GLT: What are your hopes for Alek and the future generations?
ST: I do hope that we can eradicate hate. I don’t think that it will come with our generation, but just maybe it will come in my son’s generation.
GLT: One would think that being a GLBT parent would qualify a person as an activist, would you agree?
ST: Yes… absolutely yes. Being any parent gives you instant qualification and motivation to be an activist. That’s kind of “built in” to the parenting thing. I adore our heterosexual counterparts who march with us, hand in hand with their children. To me, it gives great hope, and great motivation to keep telling the good news to others who are less evolved and think that hate and “voting for rights” has a place in this nation.
GLT: Do you and Alek have to display more courage than your heterosexual counterparts?
ST: Absolutely yes. I tell my dear Afro-American friends that unlike their grandparents, I could hide if I wanted to. I could “fake it” as being straight and therefore take less risks, but I can’t do that. I shout it out from a mountain top… not requesting better treatment because I’m the “gay dad” at PTA meetings, but because I’m the same. I think I first realized that about a year ago when the teacher at my son’s Montessori pre-school told me when I picked him up “Your son is awesome… he belted out a medley of 3 Cher songs in full voice today”. I said “only 3?” I know my son is not afraid to be who he is and that he’s proud of his Cher-listening gay dad!

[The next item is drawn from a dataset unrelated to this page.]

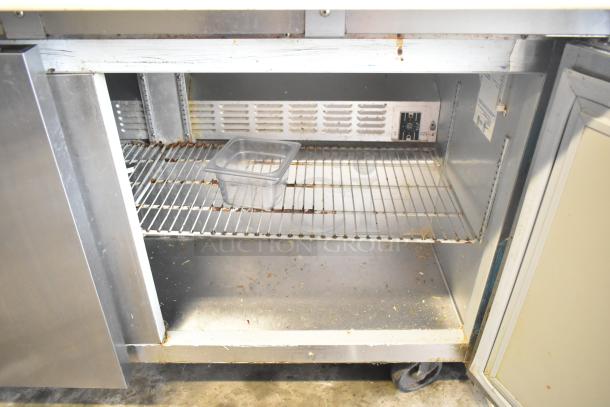 Hoshizaki CRMR60-24M sandwich salad prep table with bain marie top, commercial casters, visible wear, 115V, 1 phase.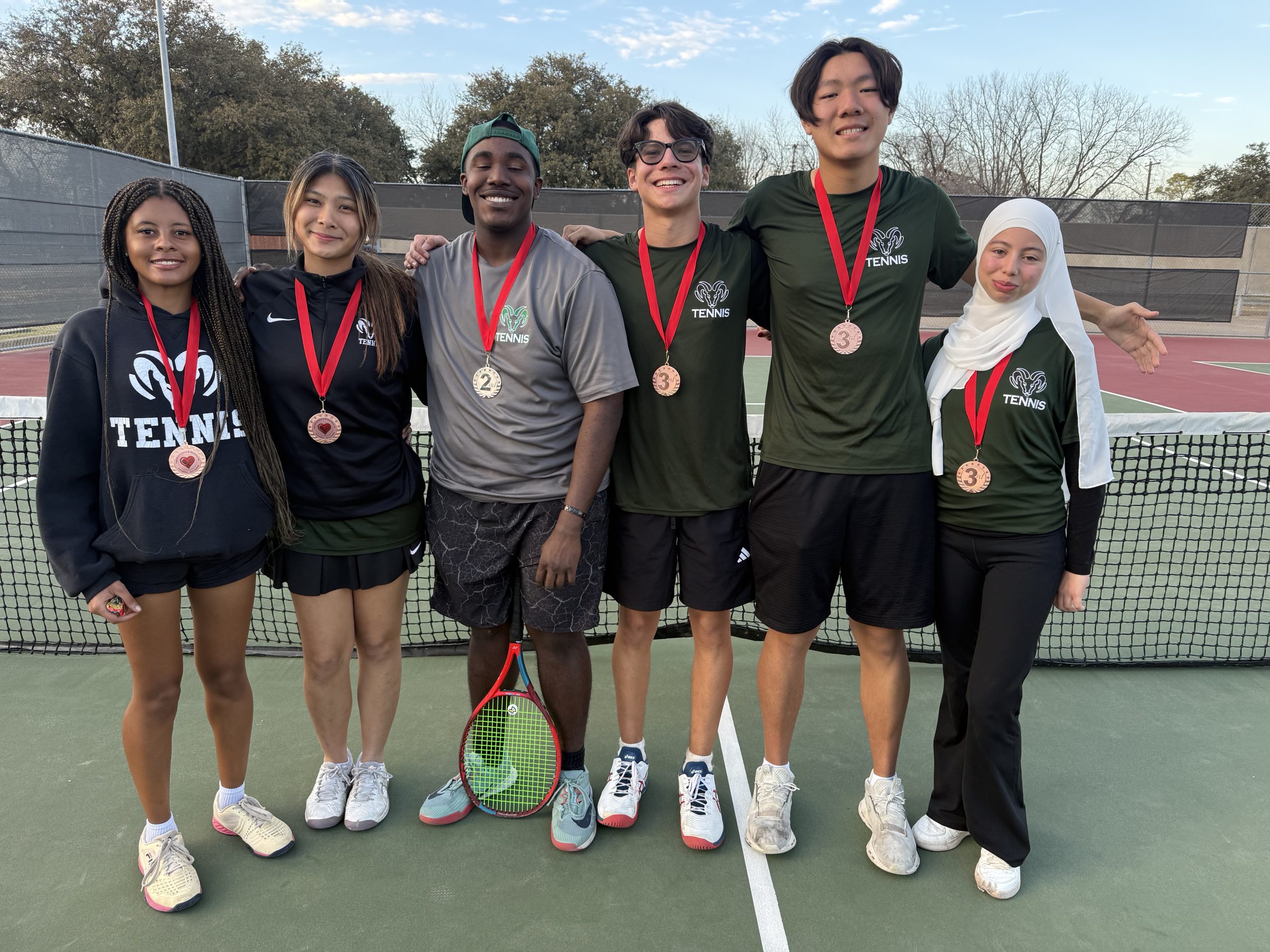 A group photo of six smiling varsity tennis players standing on an outdoor tennis court in front of the net. All six athletes are wearing medals with red ribbons around their necks. They are dressed in team gear, including dark green "TENNIS" shirts with a ram logo and black athletic wear. One player in the center holds a tennis racket.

GLT: When you heard the news about the stay how did you feel?
ST: I’m trying hard to teach my son about patience. This is what we are being told right now… that it ultimately might be good for our cause. I believe that, and I think I’m not only teaching, but also still learning patience.
GLT: Even though Alek is young what has he participated in so far that has to do with GLBT and human rights?
ST: Well, his first march was when he was sixteen months in the Pride Parade. Since then, he’s done four human rights marches and two other Pride Parades. In addition, we are members of San Diego’s “Family Matters” organization and have done one Rosie O’Donnell Gay Family Cruise.
GLT: Sam, do you mind if I ask Alek some questions?
ST: Not at all. Please go ahead.
GLT: Now Alek, how old are you?
AT: 4… almost 4 and a half.
GLT: What is your favorite color?
AT: Blue.
GLT: What is your favorite thing to do with your Dad?
AT: Go to Toys R Us to buy Transformers.
GLT: How did you feel at the Day of Decision?
AT: I was so proud!!!
GLT: Do people ever ask you about why you do not have a Mom?
AT: No.
GLT: Have you ever been teased?
AT: No
GLT: Do you believe everyone is equal?
AT: Yes.
GLT: Should everyone have the same rights?
AT: I don’t know… I guess.
GLT: What food is the grossest ever?
AT: Peas… they’re yucky and gross!
GLT: If you could have any super hero power what would it be?
AT: I would want to fly.
GLT: What do you want to be when you grow up?
AT: I want to be a teacher.
GLT: Sam and Alek thank you so much for your time. It has been a pleasure talking to you both. The Gay and Lesbian Times wish you every happiness and success in your future endeavors. Thank you.